My father passed away almost 5 years ago, and my mom is selling the family house.
Everyone has memories of the homestead, so I'm not unique. But, because my dad is gone now, they strike even harder. That house is something tangible, made of his sweat and blood, and that's all that's left.
I can recall being an awestruck 7-year-old watching him build the rock walls around the house, cigarettes rolled up in his sleeve, swinging a sledgehammer like it was as light as a feather. I would hand him stones the size of baseballs, while he hurled mammoth boulders that I knew no other man on earth could have even carried.
I watched him landscape every inch of the yard, build a deck, cut trees ... it was those moments that I learned to aspire to something. I was just the fat kid at school that people would pick on, but someday I would be a man, like that, and I knew I would make good.
My dad was only 22 or 23 when I was born. The man gave his entire youth to create something for his family, from the time he was 19 until he died at 54.
I sometimes think about where he was in life when he was my age, and it shames me.

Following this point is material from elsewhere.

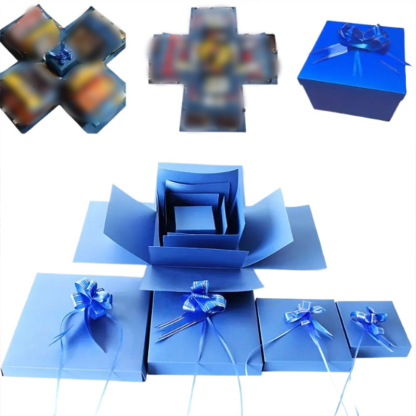 ⏰Limited Sale 60% OFF!!🎄50K+ SOLD! 🎁✨Surprise Explosion Gift Box Kit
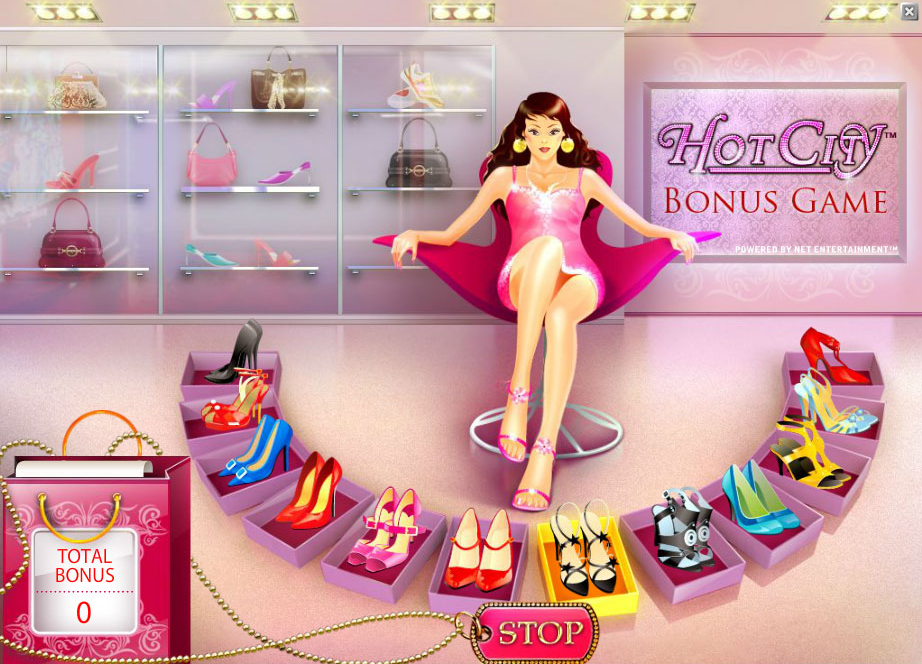 Бонусные игры слота Hot City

Not just because I have no house or children at 36, but because of why, because of the selfishness and foolishness and flat-out cowardice that has left me so far behind.
That house would be -- should be -- my redemption, a way to maintain and add to what he began, to show him, wherever he may be, that I can carry those stones now.
And all that only adds to my bitterness, because the market is much different than in 1974, and the lot in Ansonia that he built that house on is worth a hundred times more now, way out of my reach.
And I think that's just wrong.
You know, this post originally started as my recollection of all the pets I had buried in woods at the edge of the back yard, and how I would feel weird not having them be part of the family anymore ... but now I realize, there's a whole lot more in that soil.